Experiment with these content curation strategies and different content type mixes and determine what works (and what doesn’t) for your business. 

What other tools or strategies do you find most helpful?

image credit: Gonzalo Aragon

About Vasudha Veeranna

Vasudha is a blogger at DrumUp, a social media management tool where she writes extensively about social media and content marketing.

  • These are amazing tips! Thanks for the refresher. 
    Another I might add is to mix up your post types from text-only (ensure these provide some sort of value to the reader, such as humour, or to answer a question, otherwise it’s boring and will be overlooked), link-preview to an article with more info on a topic (ensure there’s a quality photo being pulled here along with a catchy title), photo (such as a meme or a photo of an event the business attended), video (something funny, an informative, branded piece, or even a quick 15 second video from Twitter or Instagram to spice things up), a “Share” right from someone else’s page, etc. 
    It’s important to keep a good mix between promotional, informational, and spontaneous content, but it’s also important to mix up the post type for each of these content sharing options.

  • I had never heard of Newsle, definitely will play around with that and a few of the other suggested tools.

  • Kelsey Vere Yes! Agree! Also times of posts … one person I work with has clients in Europe, so a 4 pm post in the US doesn’t make sense for a potential or current client in Amsterdam. I need to think about when her audience may be tuned in.

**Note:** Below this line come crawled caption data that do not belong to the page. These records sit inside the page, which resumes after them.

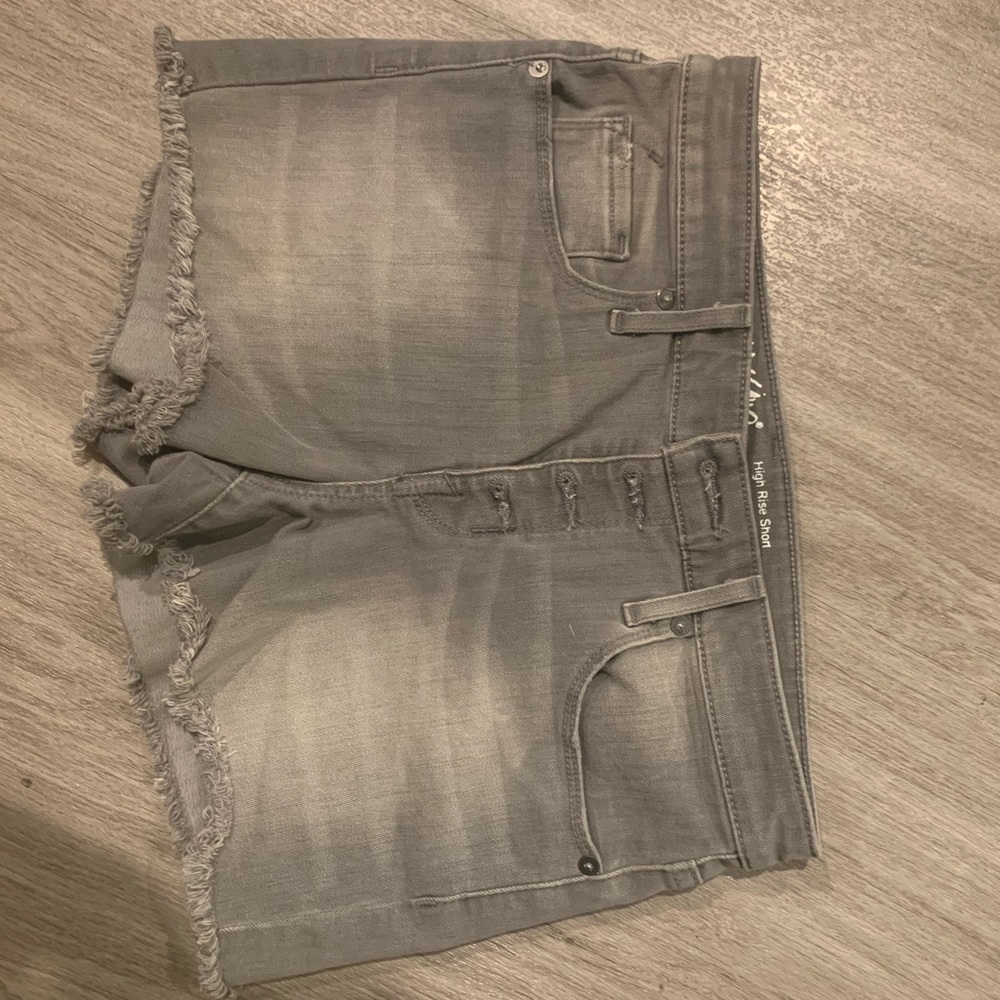 Women’s grey denim shorts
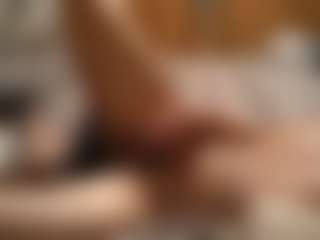 Kindareckless276's Live Sex Cam Show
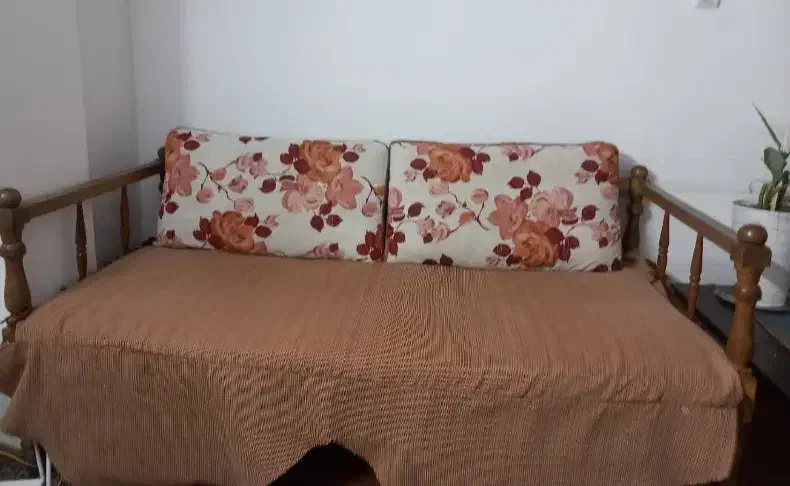 تخت سنتی|تخت و سرویس خواب|قم, شاه سید علی|دیوار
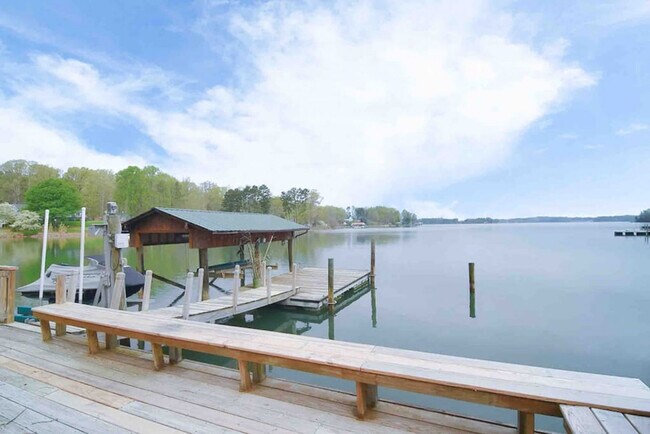 Building Photo - 152 Barksdale Ln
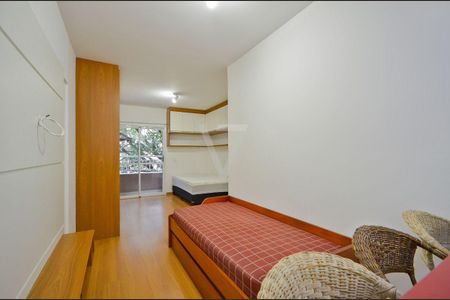 2_photo/94dce4153d.2832257cbb3df2c4-ATLAS-1d29c8d2-06d7-4286-8b64-8d7562329499.jpg de apartamento para alugar com 1 quarto, 37m² em Centro, Curitiba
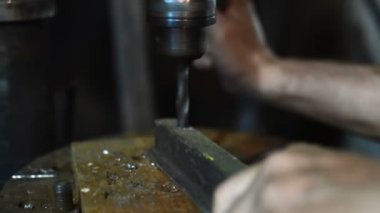 Alan derinliği ile delme siyah paslanmaz çelik için atış elektrik matkap yakın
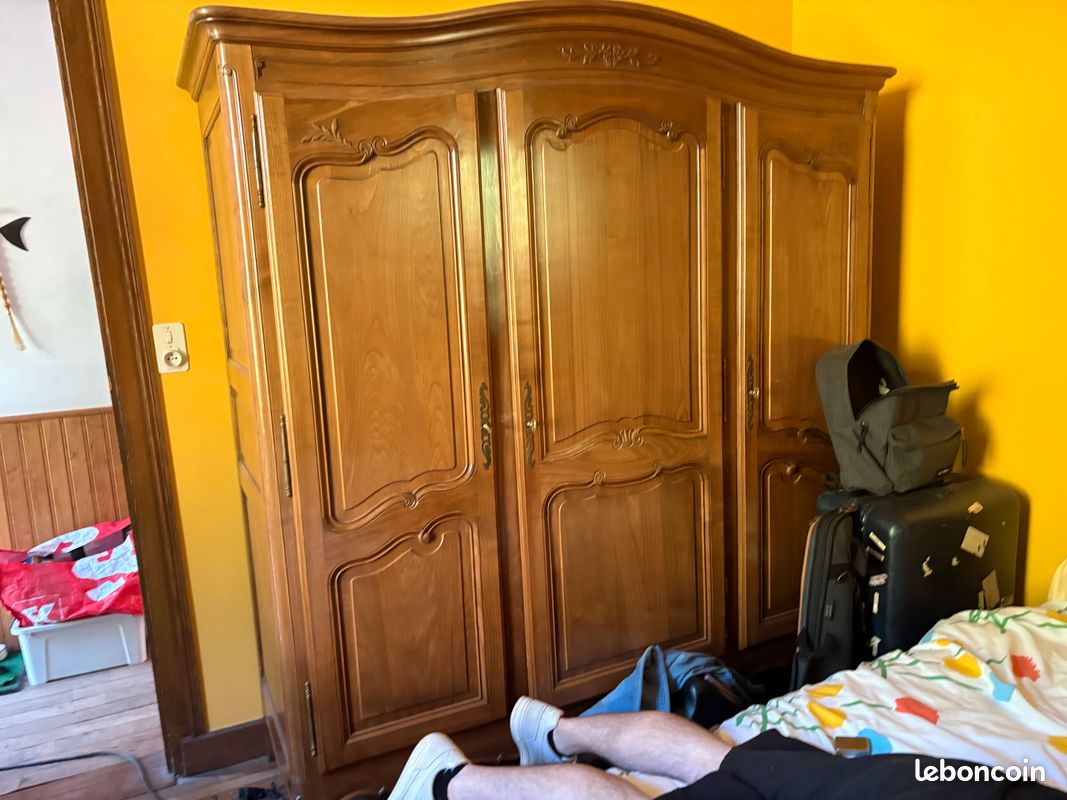 Armoire penderie en chêne (image 1)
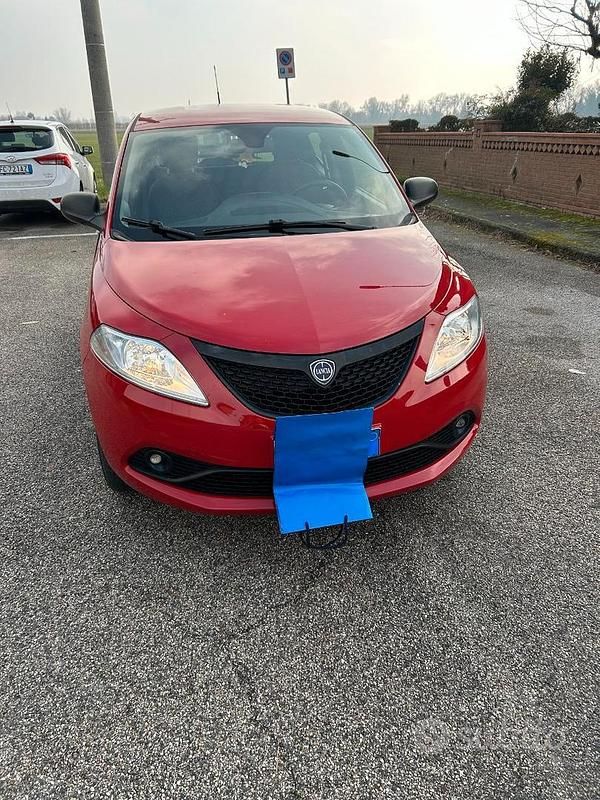 Usata Lancia Ypsilon 2019 Rosso Utilitaria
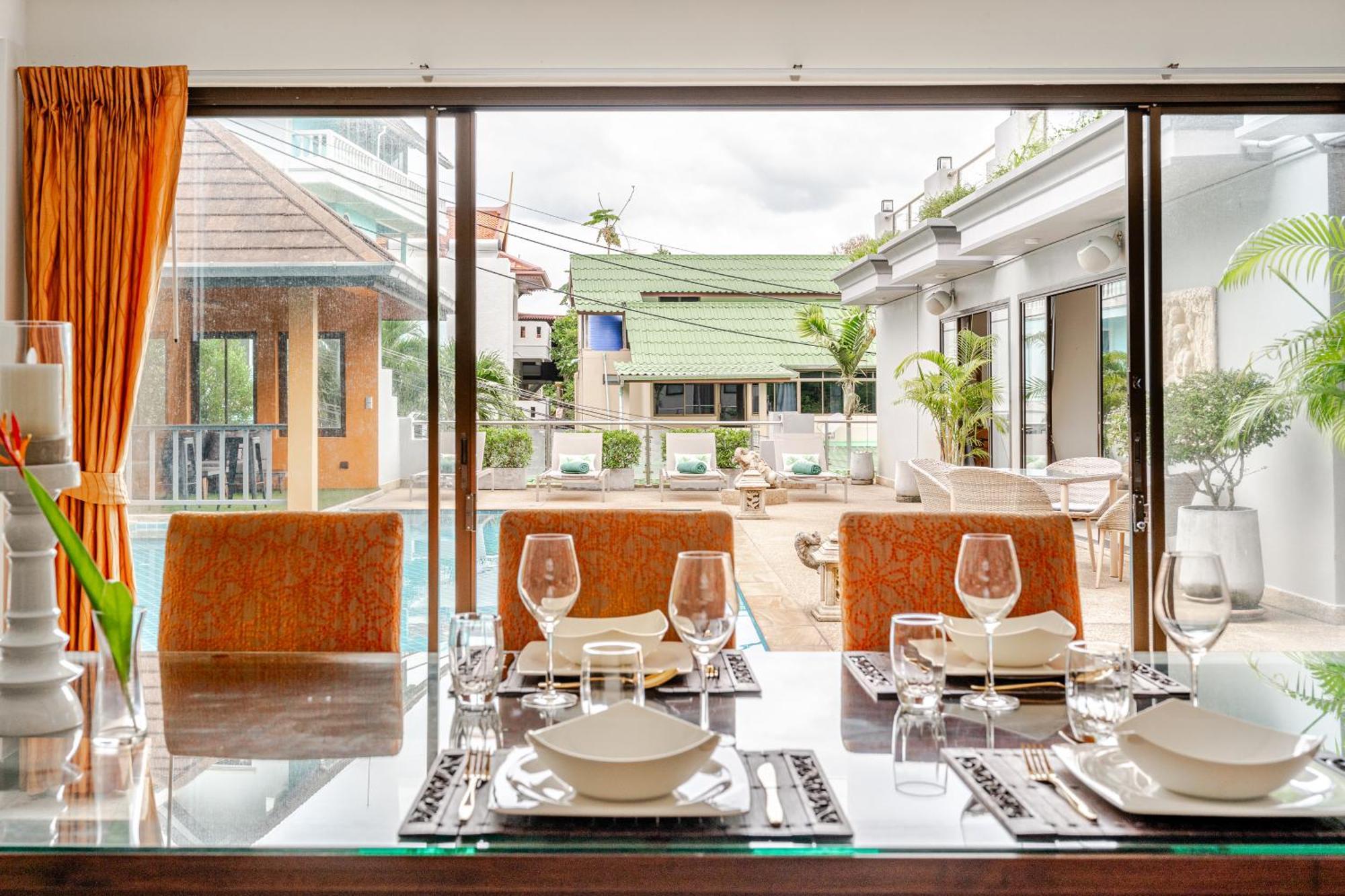 Luxury 4br With Pool & Ocean Views On * Patong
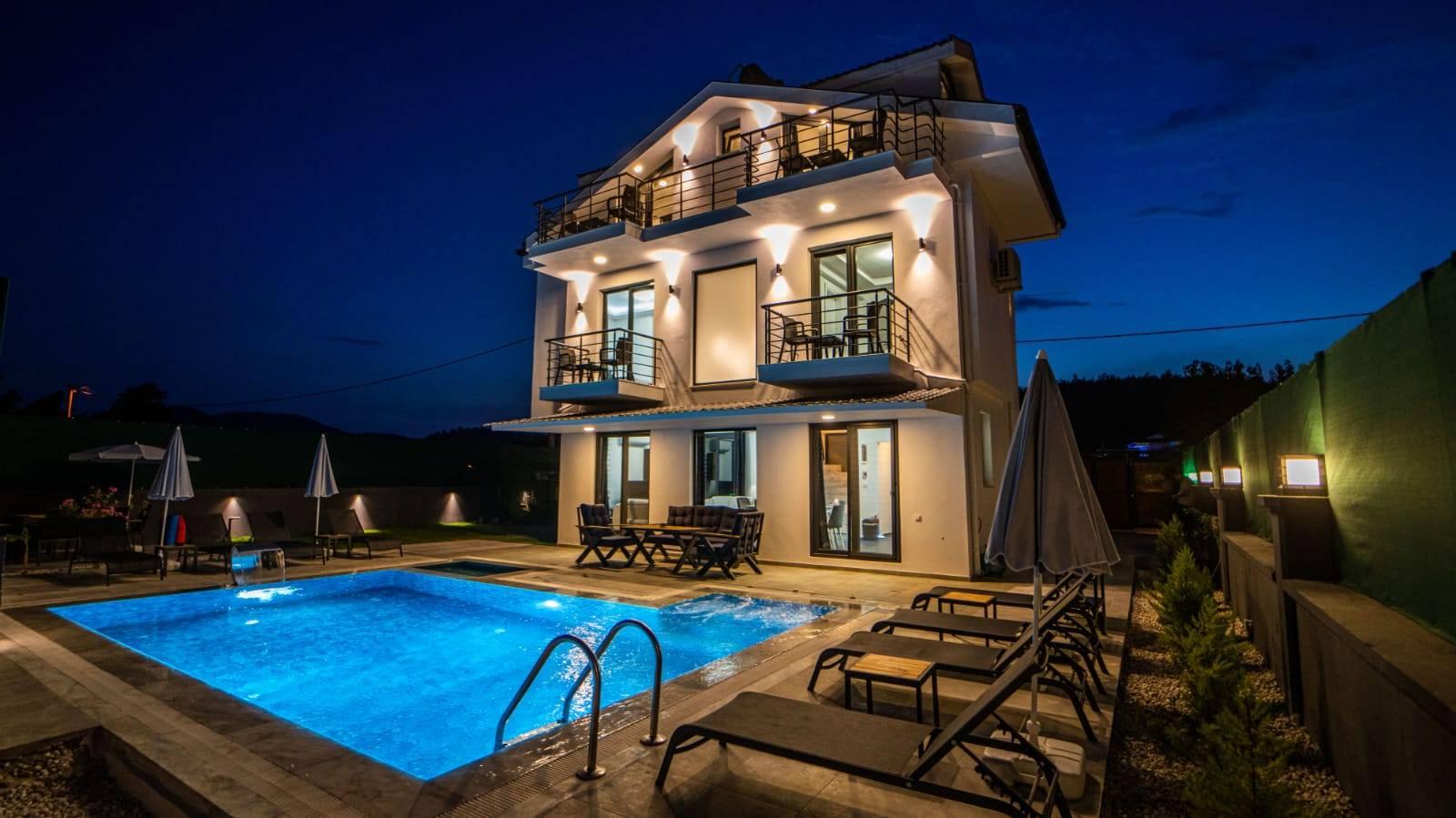 Fethiye Ölüdeniz'de Geniş Alanlara Sahip, Özel Havuzlu, Şık Villa-42877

  • biggreenpen Yes! It’s very important to consider timing. With some social networks like Twitter you can post similar tweets multiple times a day without annoying your audience. This is great when trying to reach a particular audience who may be in a different time zone. But for social networks like Facebook where the life expectancy of your post lasts a bit longer, especially when people engage with it, the timing may not be as important as a social network like Instagram, for example. On Instagram the life expectancy of your post is pretty short because posts appear in newsfeeds only until the user’s following continues to post and your post bumps further and further down into their feed, making it less likely that your post will be seen. It’s very important to get the timing right on Instagram, or at least, to be consistent and active.

    Timing is something you can figure out by looking at the statistics of your past posts. Experimentation helps to get the right timing down.